There, I said it.
The 1990’s were the heyday of sitcoms. With successful shows like “Home Improvement,” “Full House,” “The Fresh Prince of Bel-Air,” etc…we were kept entertained for years with wacky situations and heart-warming endings. You’ve got a hero, anti-hero, love story, and a buddy character. Throw everyone into a setup, present a problem/complicated scenario, and get to a resolution. It’s simple math, and it worked.
“Friends” was one of the many sitcoms to dominate the 90’s, and was probably the second most popular show of the decade. This blog isn’t meant for power rankings, but if we’re talking best sitcom of the 90’s, “Seinfeld” blows it away by a million miles. But I’m not here to compare the two most popular sitcoms of the decade, and how one blows the other out of the water. We’re here to focus on how objectively bad Friends was.

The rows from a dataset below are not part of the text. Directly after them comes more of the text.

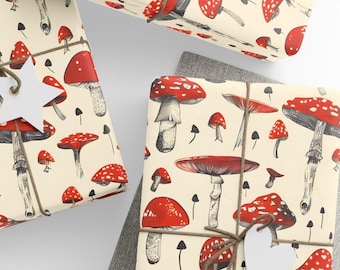 Mushroom Wrapping Paper Red Toadstool Gift Wrap Cottagecore Woodland Aesthetic Nature Themed Birthday or Holiday Gift Wrap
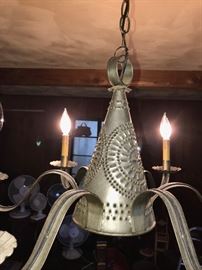 ANTIQUE PUNCHED TIN/ METAL CANDELABRA CHANDELIER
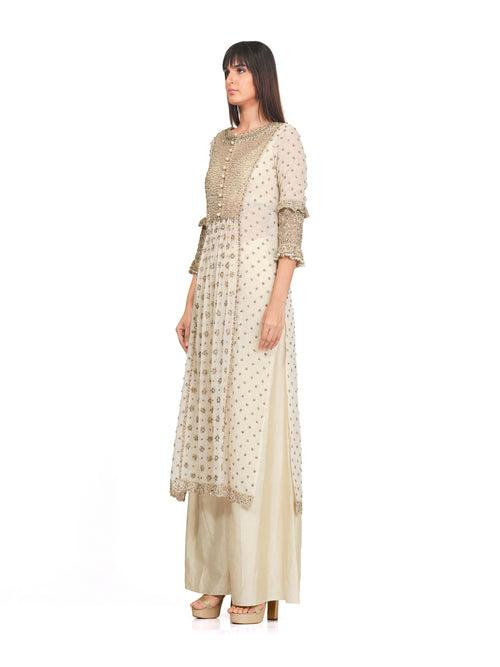 Ivory Tunic Set with Flared Raw Silk Pants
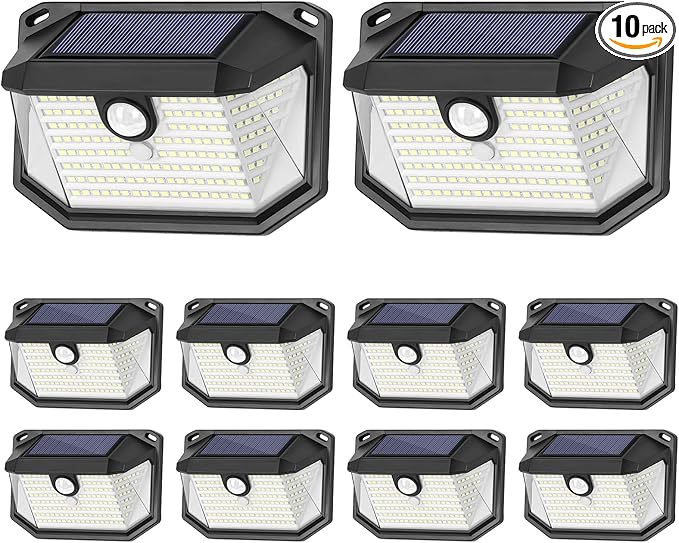 Solar Outdoor Lights, 10-Pack Super Bright 178 LEDs Motion Sensor Wall Light with 270° Wide Angle & 3 Modes, Waterproof Solar Powered Security Light for Patio Garden Garage Front Door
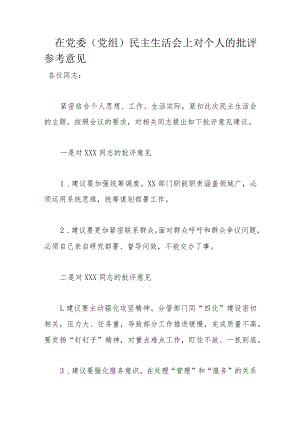 在党委（党组）民主生活会上对个人的批评参考意见.docx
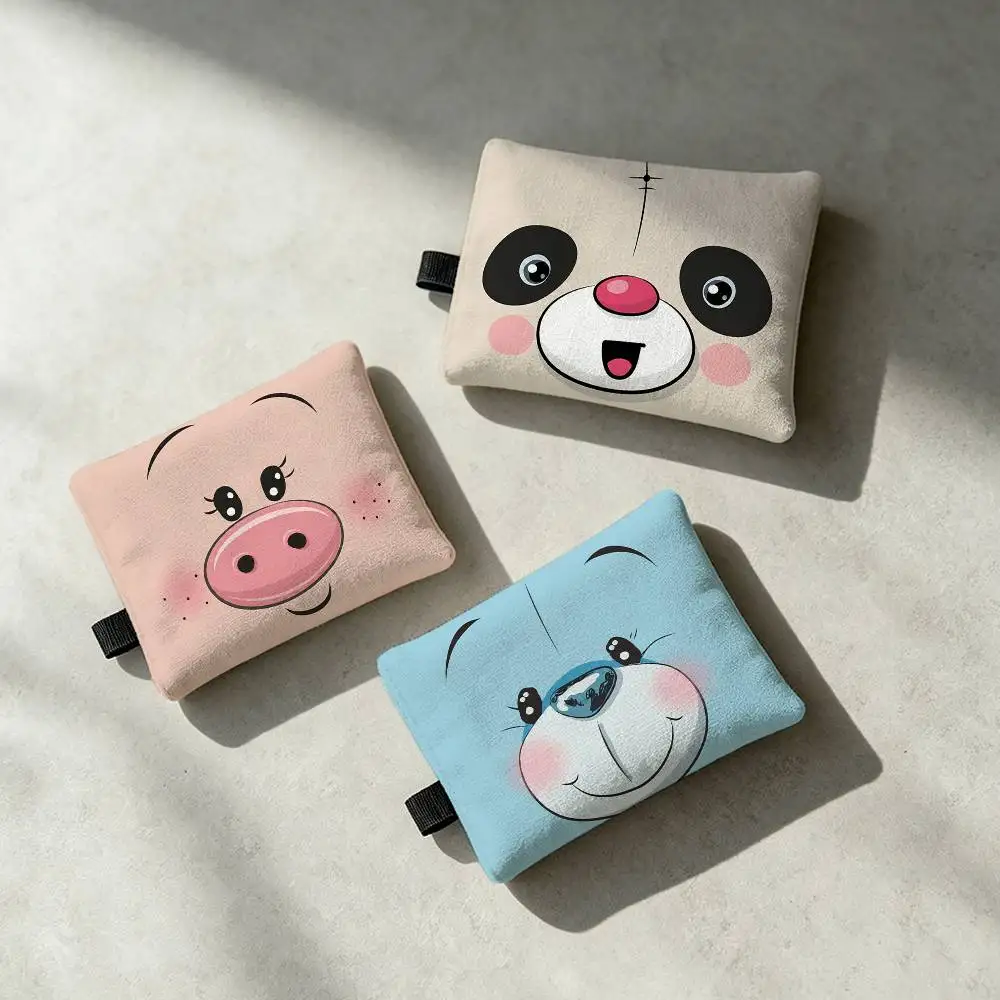 Cartoon Pig Bear Fox Frog Pattern Waterproof Zippered Coin Purse – Lightweight Hanging Wallet For Coins ID Cards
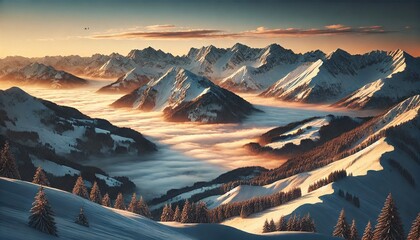 "Mountain Range in the Morning Sea of Mist"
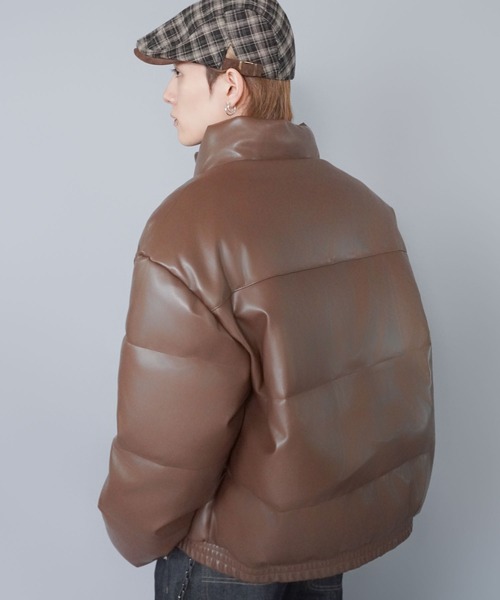 セール】短丈中綿フェイクダウンジャケット/合皮素材/ユニセックス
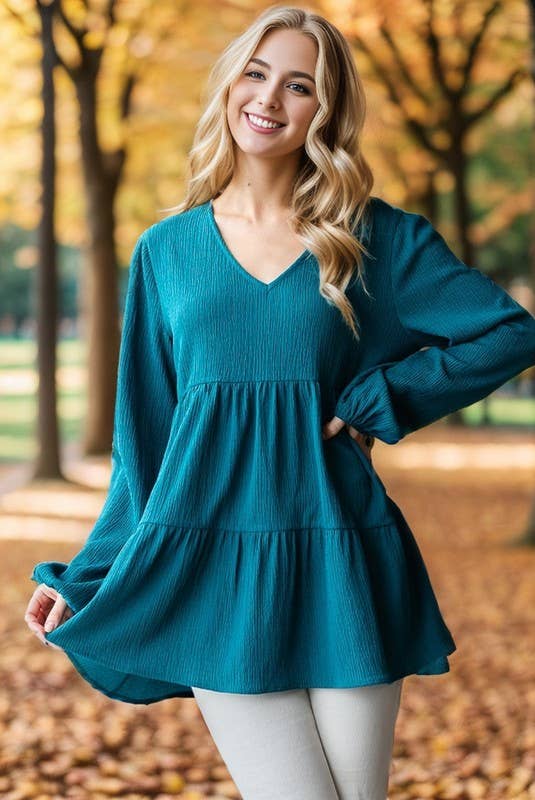 LONG PUFF SLEEVE V NECK SOLID TIERED TOP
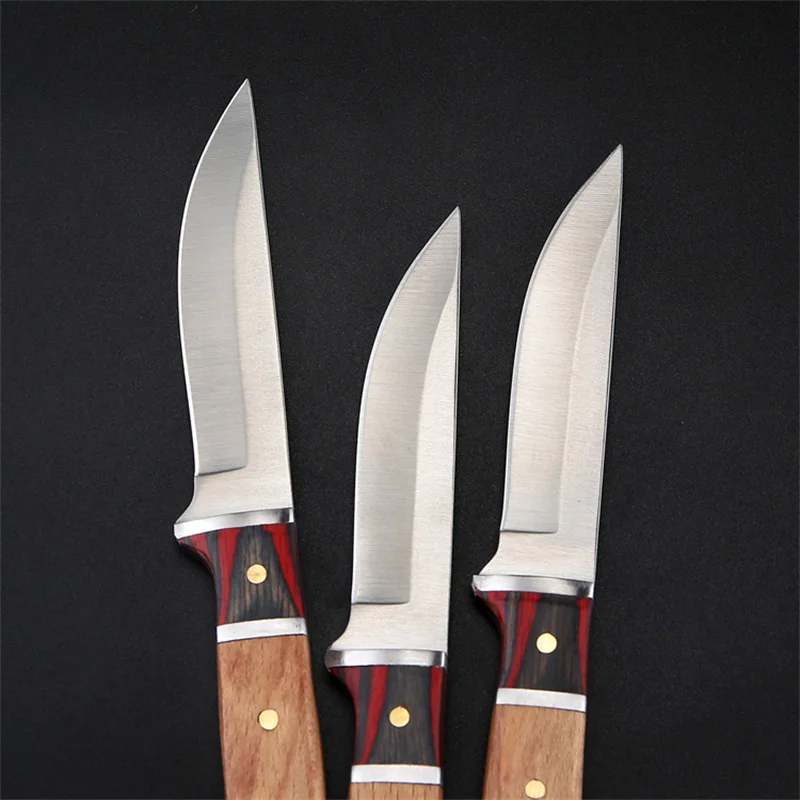 Barbecue Knife Wooden Handle Hand Meat Grilled Lamb Outdoor Portable Roast Whole | Дом и сад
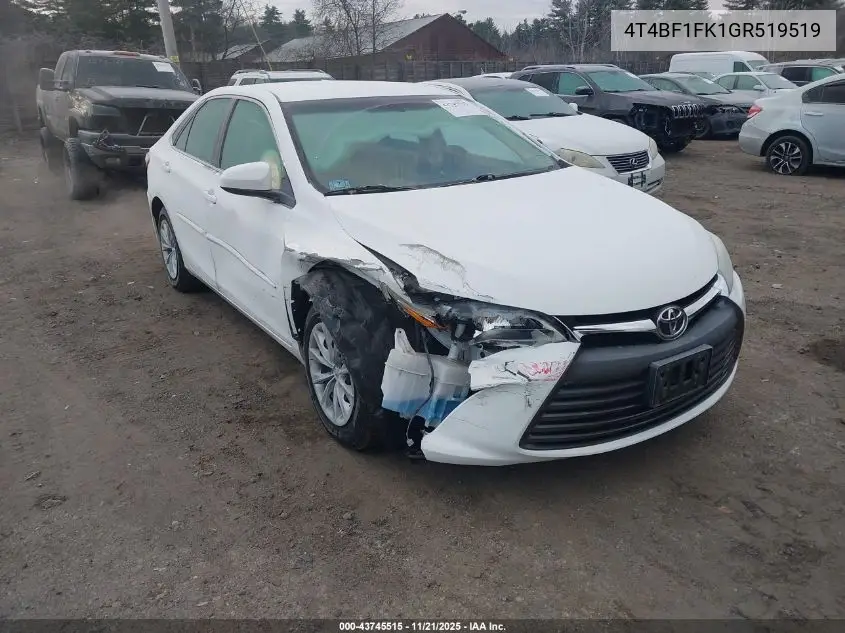 4T4BF1FK1GR519519 2016 Toyota Camry Le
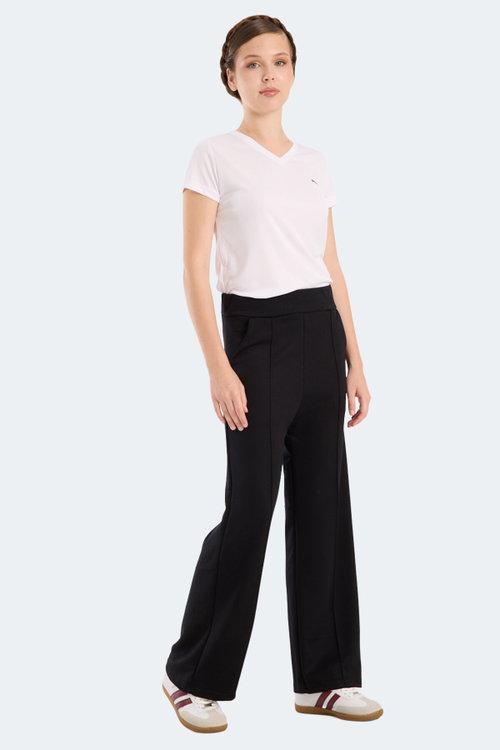 Slazenger VILLE CZG Kadın Bol Paça Siyah Pantolon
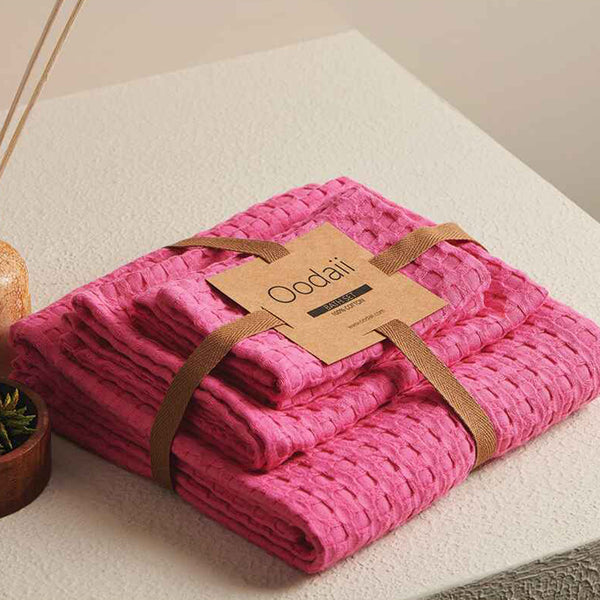 Buy Haimi Textured Waffle Towel Combo (Pink) - Four Piece Set Towel Sets from Vaaree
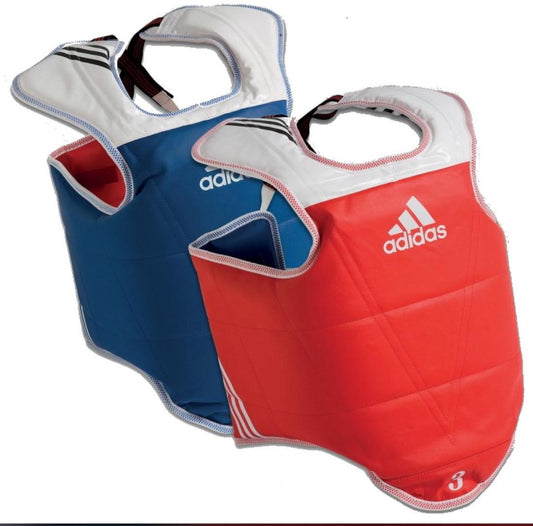 Plastron Taekwondo Adidas – Réversible Rouge/Bleu
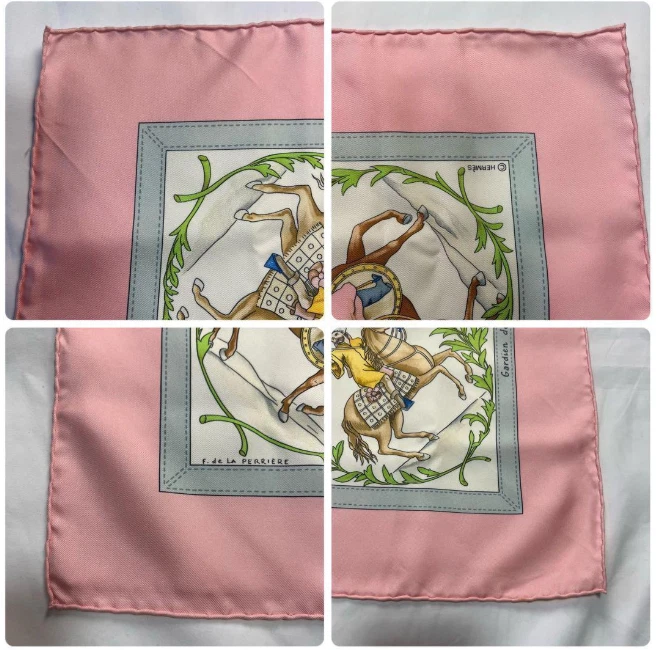 HERMES Carre 90 костюмы ГРАЖДАНСКИЕ ДЕЙСТВИЯ шелковый шарф розовый Японии [б/у] - Изображение 3 из 4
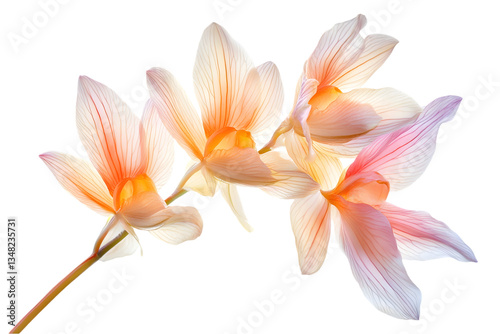 Wallpaper Mural Elegant Peach And Pink Orchid Bouquet Against Black Background Torontodigital.ca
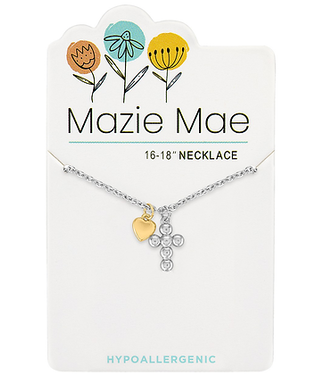 Silver Two-Tone Cross & Mini Heart Mazie Mae Necklace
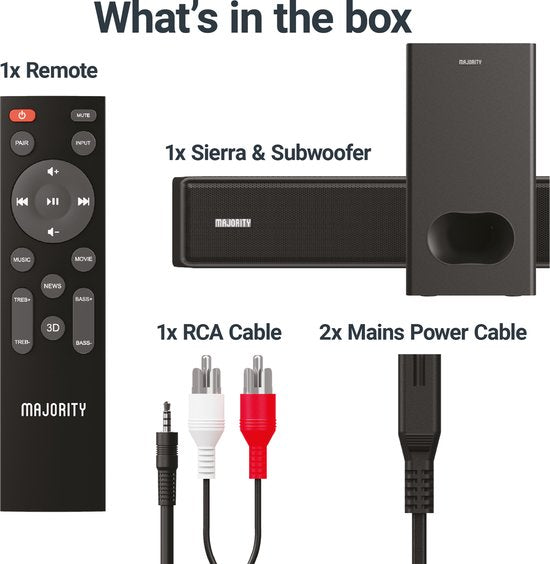Majority Sierra Plus Dolby Atmos 2.1.2 Soundbar + Subwoofer - 400W, 3 x HDMI, Bluetooth, Optisch, USB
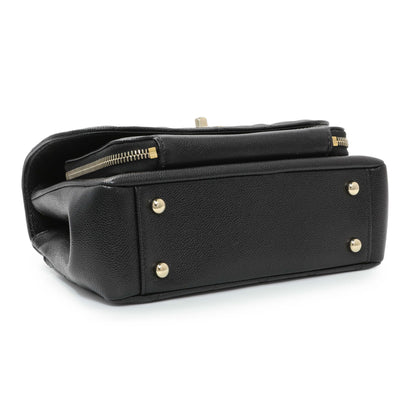 Exclusive Chanel Black Caviar Medium Business Affinity Flap — Top View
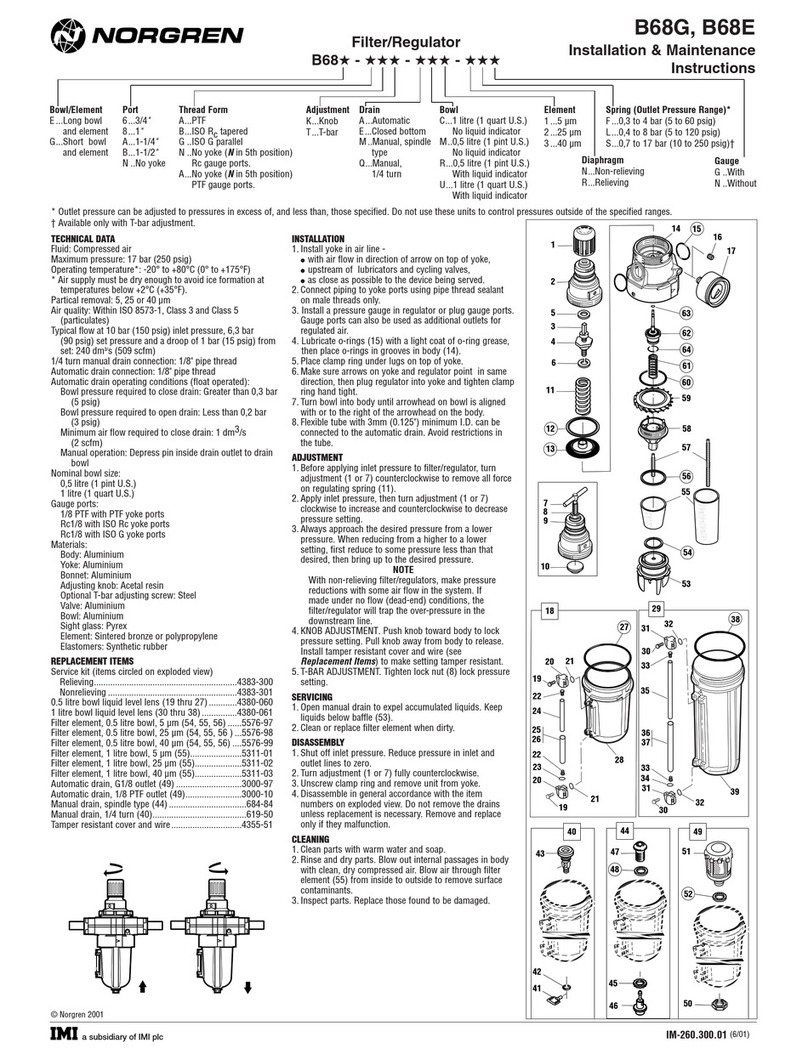 Norgren B68G Installation and operating instructions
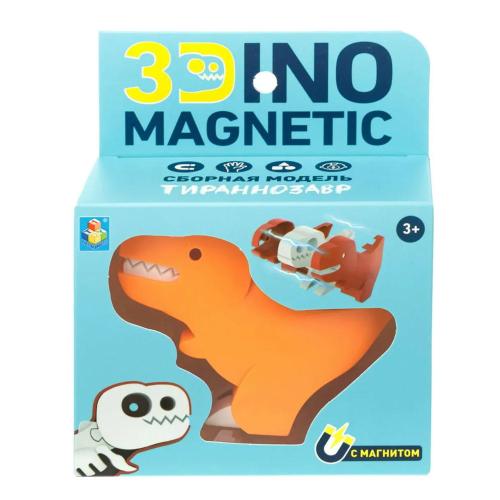 Сборная модель магнитный Тираннозавр 3Dino Magnetic 1TOY Т23869 фото 2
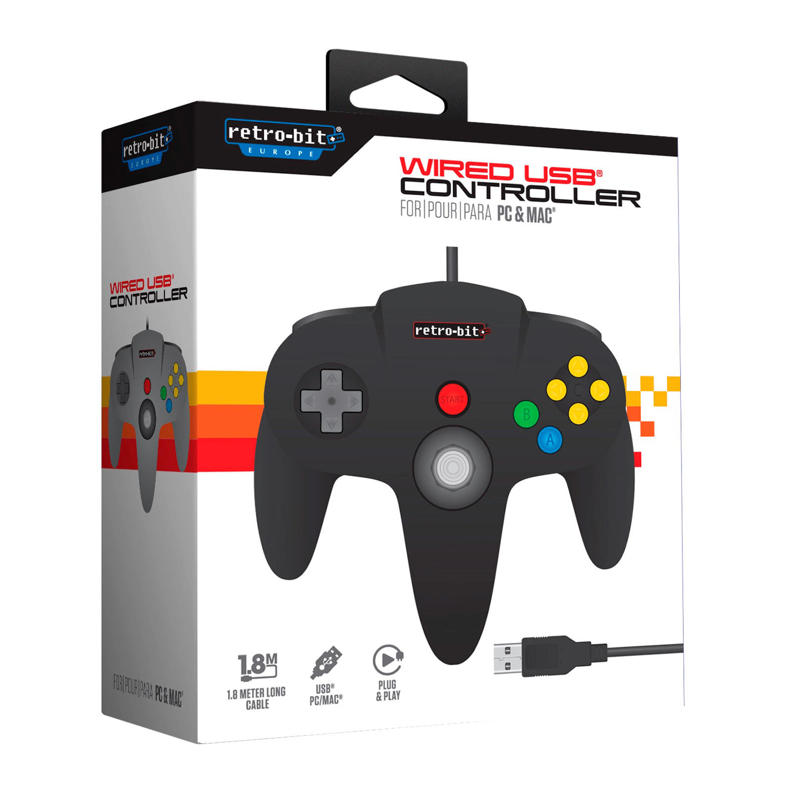 Retro-Bit Nintendo 64 USB controller zwart | wehkamp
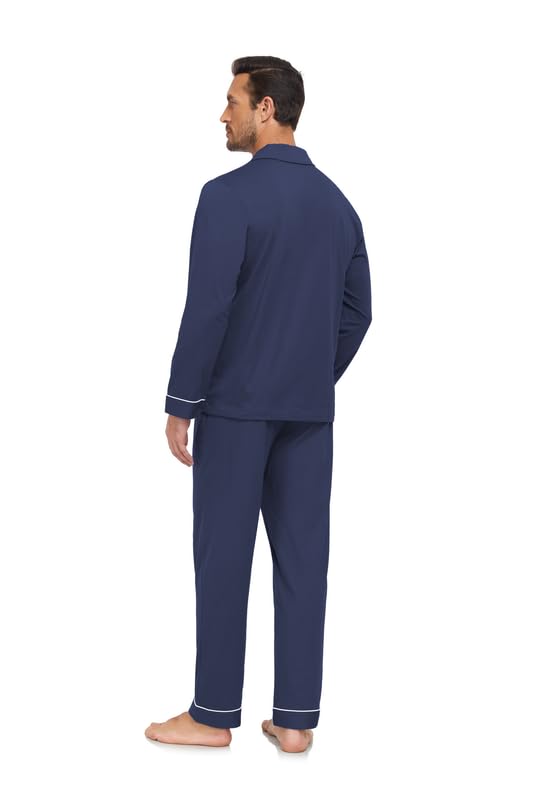 COLORFULLEAF Men's 100% Cotton Pajamas Sets Pajamas for Men Long Sleeve Sleepwear Set with Pockets and Button Down S-XL3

Two driving forces behind a sitcom (according to this veteran TV executive) is premise and character development. Friends severely lacked in both of these dynamics, while at the same time becoming one of the most iconic sitcoms of all time. Simply dumbfounding.
According to IMDB, the show “Follows the personal and professional lives of six twenty to thirty-something-year-old friends living in Manhattan.” What the hell kind of premise is this? Give me something a little more here to lure me in to your show. This would be like trying to get a sitcom off of the ground with the premise “Stuff happens.” If your premise to your show is to be about nothing…then own it. Go ahead and Google “a show about nothing” right now. I bet you’ll find a show better than Friends, just a hunch.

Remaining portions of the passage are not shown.